=== Directions for this task ===
From the material below, please set down exactly the lines starting with the one with "Обзор дома в" and going on through the one with "Mercedes-Benz 300SE 2011", without a single picture.

=== Records for this exercise ===
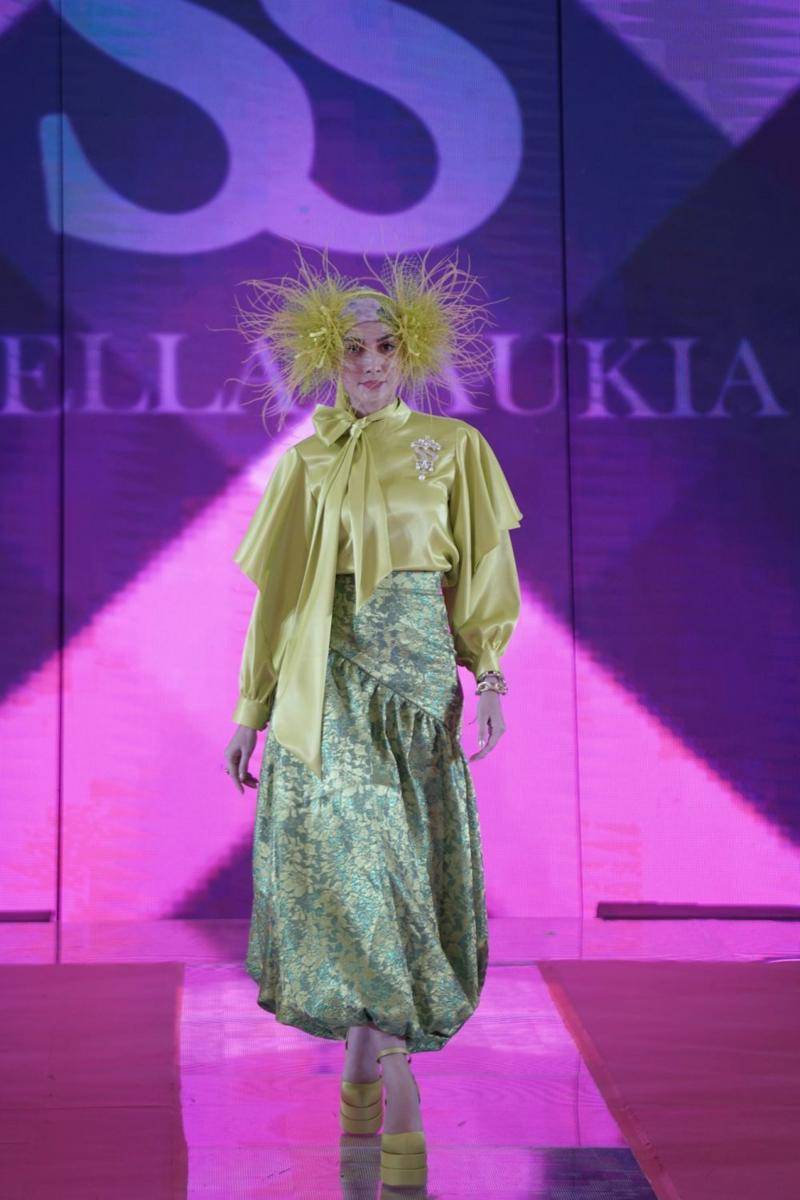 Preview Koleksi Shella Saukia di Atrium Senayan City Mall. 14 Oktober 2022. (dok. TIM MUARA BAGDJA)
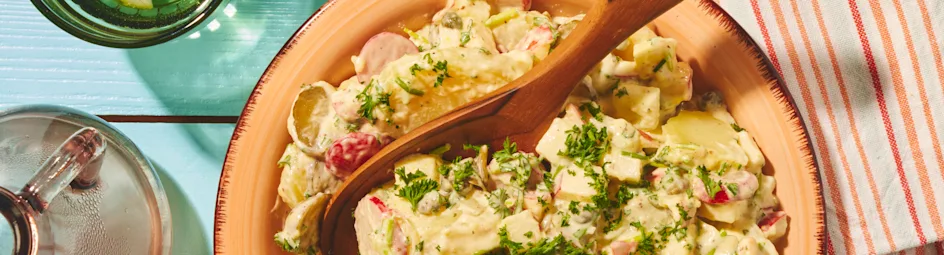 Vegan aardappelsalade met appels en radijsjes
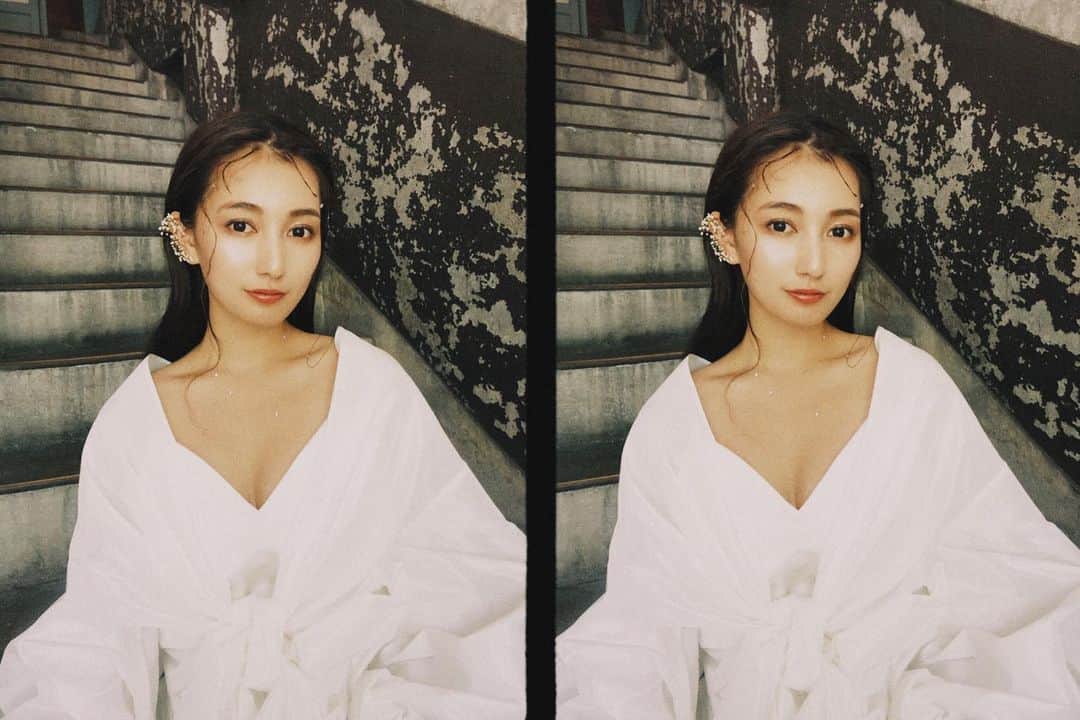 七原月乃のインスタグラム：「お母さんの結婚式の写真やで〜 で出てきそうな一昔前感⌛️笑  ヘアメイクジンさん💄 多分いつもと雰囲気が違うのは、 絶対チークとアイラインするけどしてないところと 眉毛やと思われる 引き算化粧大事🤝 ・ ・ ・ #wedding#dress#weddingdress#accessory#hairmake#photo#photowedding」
---
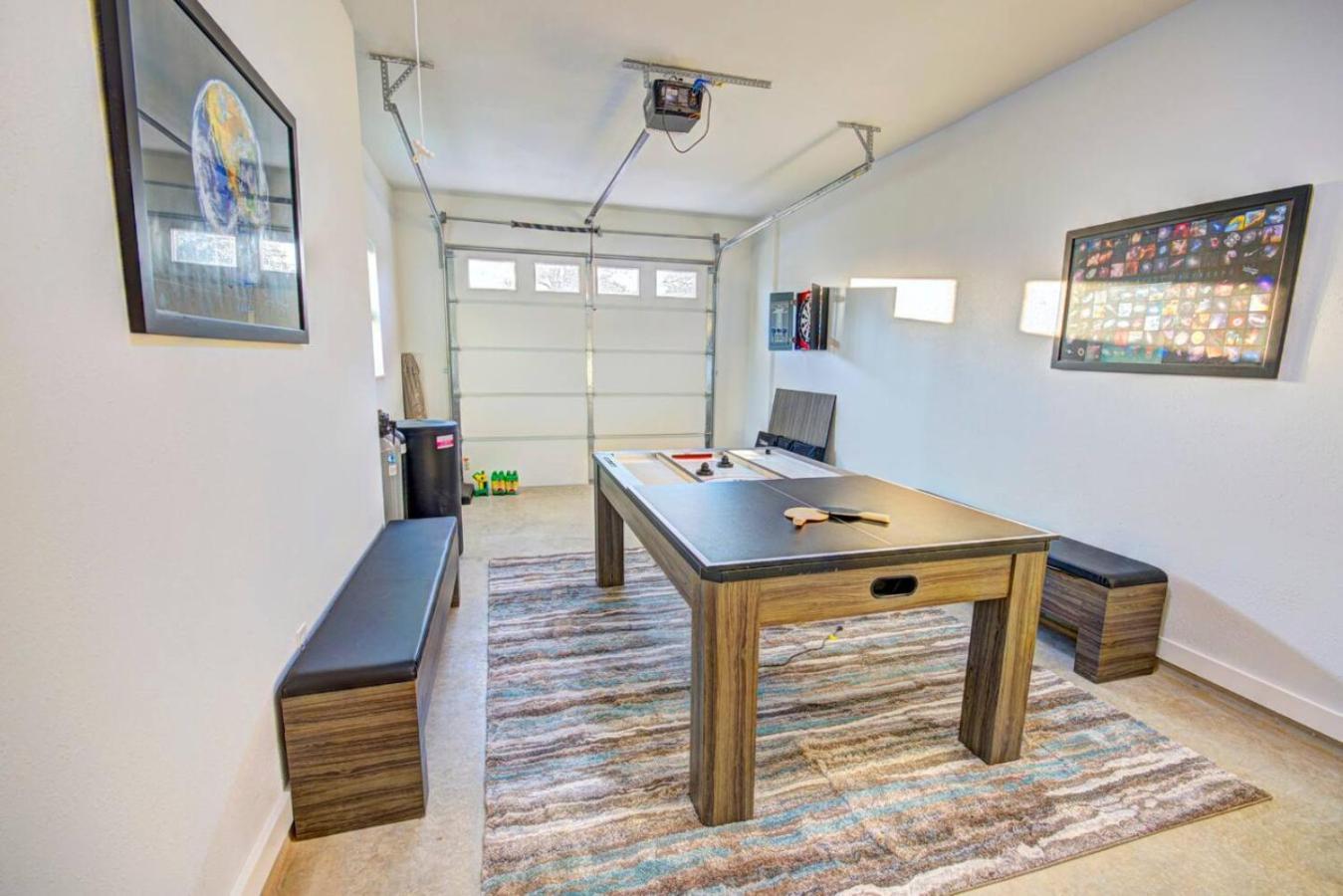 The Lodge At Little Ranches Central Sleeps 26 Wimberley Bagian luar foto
==
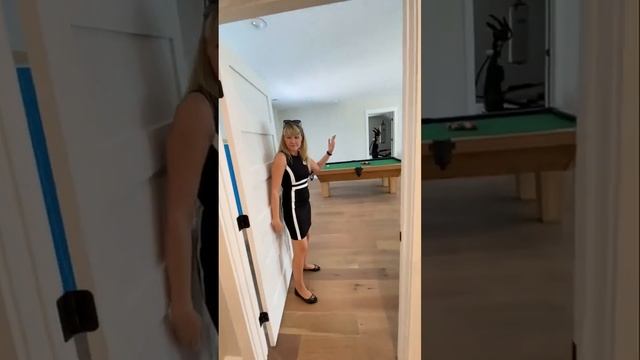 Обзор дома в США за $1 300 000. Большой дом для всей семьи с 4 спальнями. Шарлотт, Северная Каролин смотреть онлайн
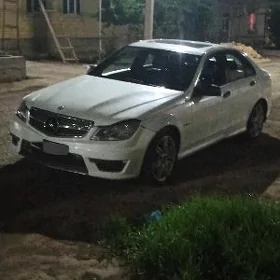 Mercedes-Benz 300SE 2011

=== Exercise result ===
 Обзор дома в США за $1 300 000. Большой дом для всей семьи с 4 спальнями. Шарлотт, Северная Каролин смотреть онлайн
 Mercedes-Benz 300SE 2011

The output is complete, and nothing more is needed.